„Neue Wege in Sachen Wirtschaftsförderung will die CDU-Fraktion in Kevelaer gehen“, verkündet Fraktionspressesprecher Hubert van Meegen in einer aktuellen Pressemitteilung. „Sie möchte eine ausgelagerte Wirtschaftsförderungsgesellschaft mit beschränkter Haftung (WFG) als eigenständiges Unternehmen installieren, das nach Auffassung der CDU Handlungsspielräume besser ausnutzen kann.“

„Im Rahmen der Haushaltsberatungen zum Haushalt 2024 wurde diese Idee diskutiert und von der Fraktion einstimmig beschlossen“, so der CDU-Fraktionsvorsitzende Mario Maaßen. Einziger Gesellschafter soll die Wallfahrtsstadt Kevelaer sein und von einem Aufsichtsrat kontrolliert werden.
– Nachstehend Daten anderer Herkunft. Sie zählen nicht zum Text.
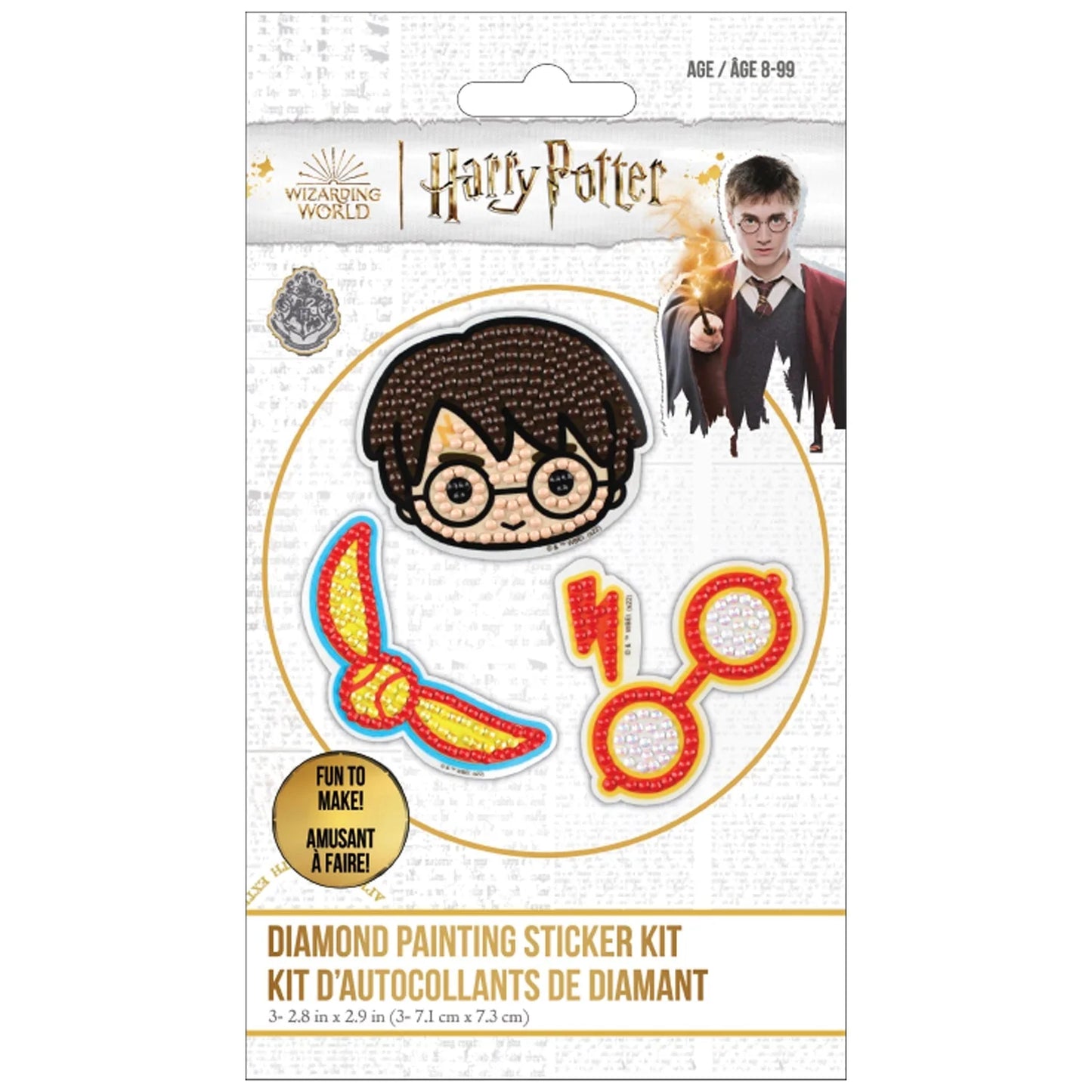 Dotzies Diamond Dotz Diamond Painting Sticker Kit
Die Geschäftsführung soll idealerweise nach Auffassung der CDU durch die bisherige Wirtschaftsförderin Verena Rohde übernommen werden. Sie soll auch ihre Mitarbeiter und Mitarbeiterinnen in der bisherigen Abteilung mitnehmen können. Die CDU verspricht sich davon mehr gestalterische Freiräume für die handelnden Personen. In der Vergangenheit sei nämlich der Ausbau einer wirtschaftsnahen Infrastruktur in Kevelaer stark vernachlässigt worden.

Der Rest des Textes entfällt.